Pur con alcuni momenti più deboli, 7 giorni all'Havana risulta un film godibile per chi vuole assaporare le atmosfere della città cubana e lasciarsi raccontare alcune delle sue tante anime.

Una settimana a Cuba

Le prime esperienze di un giovane attore americano in città ed il suo incontro con una donna affascinante; il regista famoso e con problemi che arriva per ritirare un premio; la cantante che deve decidere se accettare o meno una proposta di lavoro, con risvolti romantici, all'estero; il palestinese per la prima volta a l'Havana in attesa di essere ricevuto all'ambasciata; l'esorcismo di una ragazza ritenuta omosessuale; l'impegnativa giornata di una psicologa che fa torte per guadagnare qualcosa di più, alle prese con un ordine piuttosto consistente; i frenetici preparativi, con ristrutturazione della casa per adattarsi alle richieste oniriche della Vergine Maria, per una festa.
Sono le storie raccontate dal film ad episodi 7 giorni all'Havana, presentato nella sezione Un Certain Regard di Cannes 2012.
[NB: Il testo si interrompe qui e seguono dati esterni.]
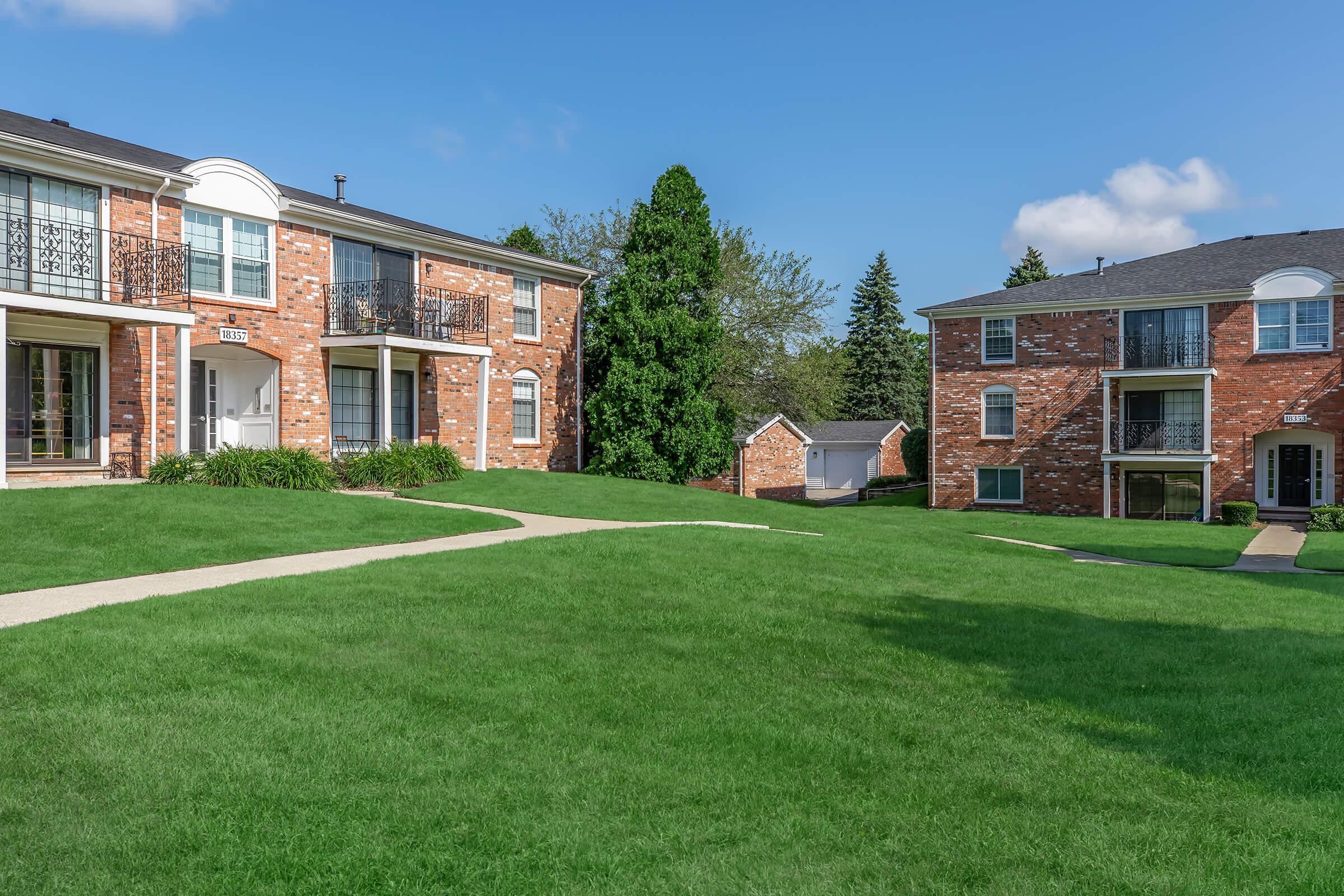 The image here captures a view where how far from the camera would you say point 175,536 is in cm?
1211

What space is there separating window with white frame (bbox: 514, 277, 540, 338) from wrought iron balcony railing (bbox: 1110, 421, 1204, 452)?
59.2 ft

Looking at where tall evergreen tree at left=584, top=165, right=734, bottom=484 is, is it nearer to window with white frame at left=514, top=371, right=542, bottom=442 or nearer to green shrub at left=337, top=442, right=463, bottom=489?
window with white frame at left=514, top=371, right=542, bottom=442

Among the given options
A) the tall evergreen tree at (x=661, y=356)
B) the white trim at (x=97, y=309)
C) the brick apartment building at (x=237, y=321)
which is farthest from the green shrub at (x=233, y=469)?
the tall evergreen tree at (x=661, y=356)

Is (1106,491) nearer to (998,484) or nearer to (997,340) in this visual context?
(998,484)

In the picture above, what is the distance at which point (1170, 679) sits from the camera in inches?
275

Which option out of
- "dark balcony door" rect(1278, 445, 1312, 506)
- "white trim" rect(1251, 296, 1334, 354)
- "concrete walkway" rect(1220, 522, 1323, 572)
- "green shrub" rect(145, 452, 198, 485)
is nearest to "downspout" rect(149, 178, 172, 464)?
"green shrub" rect(145, 452, 198, 485)

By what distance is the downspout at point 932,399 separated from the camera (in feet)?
104

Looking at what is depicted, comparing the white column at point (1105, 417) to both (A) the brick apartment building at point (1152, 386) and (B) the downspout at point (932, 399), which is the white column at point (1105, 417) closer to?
(A) the brick apartment building at point (1152, 386)

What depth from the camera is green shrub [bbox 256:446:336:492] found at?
17.7m

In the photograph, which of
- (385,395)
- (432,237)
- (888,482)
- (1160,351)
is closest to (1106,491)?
(1160,351)

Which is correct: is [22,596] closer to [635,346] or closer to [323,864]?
[323,864]

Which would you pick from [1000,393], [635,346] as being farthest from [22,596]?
[1000,393]

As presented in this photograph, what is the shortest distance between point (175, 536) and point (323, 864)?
9732 mm

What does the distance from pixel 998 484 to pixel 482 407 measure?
56.2 ft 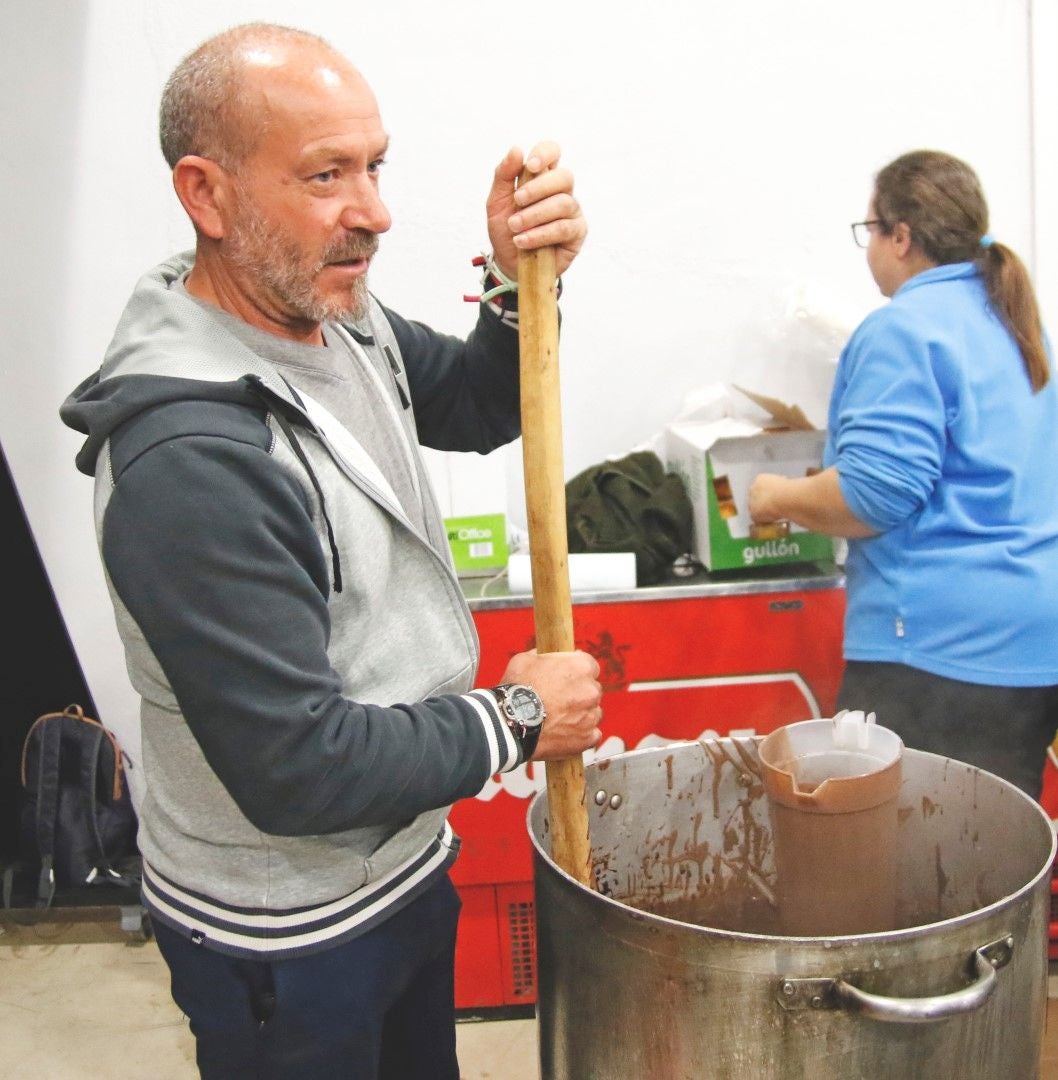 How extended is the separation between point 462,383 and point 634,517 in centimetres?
94

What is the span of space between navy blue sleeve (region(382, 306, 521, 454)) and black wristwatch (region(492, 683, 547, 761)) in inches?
20.7

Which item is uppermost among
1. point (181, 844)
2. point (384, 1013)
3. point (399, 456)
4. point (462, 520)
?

Sette storie, sette registi, sette diversi aspetti della realtà cubana. Il film ci conduce in un viaggio di una settimana nella sfaccettata capitale dell'isola centroamericana, mettendo insieme sette cortometraggi diretti da altrettanti diversi artisti e dipingendo un quadro variegato delle sue diverse anime, da punti di vista diversi: dall'interno o dall'esterno, con gli occhi dello straniero che la vede per la prima volta o del suo abitante che sogna di lasciarla. Un percorso che cerca di evitare i luoghi comuni su Cuba, o meglio che cerca di raccontarli con ironici ammiccamenti. Un viaggio riuscito in parte, grazie soprattutto all'abilità di alcuni dei nomi in gioco, che ha la sua massima espressione nell'episodio di Elia Suleiman, Diary of a Beginner, caratterizzato da ironia e tempi perfetti nel seguire le curiose osservazione del protagonista alle prese con la sua prima visita a l'Havana.
Non è l'unico frammento riuscito: Benicio del Toro si cimenta in un discreto esordio alla regia dando buon ritmo al primo episodio El Yuma, mentre Pablo Trapero dirige con sicurezza un autoironico Emir Kusturica nel divertente Jam Session che segue. Ugualmente simpatici i due episodi conclusivi, affidati a Juan Carlos Tabiò e Laurent Cantet, quest'ultimo efficace anche grazie all'interpretazione vivace della sua protagonista, l'anziana donna che stravolge casa per sistemarla secondo le indicazioni oniriche ricevute dalla Madonna.

Come ogni opera composita ha i suoi punti deboli, che qui identifichiamo nell'anonimo Cecilia's Temptation di Julio Medem, che appare non incisivo nel comunicare i dubbi della protagonista nel decidere se lasciare il paese o meno, e soprattutto The Ritual di Gaspar Noè, che con la sua cupezza appare completamente fuori contesto.
Pur con questi momenti più deboli, 7 giorni all'Havana risulta comunque un film godibile per chi vuole assaporare le atmosfere della città cubana e lasciarsi raccontare alcune delle sue tante anime.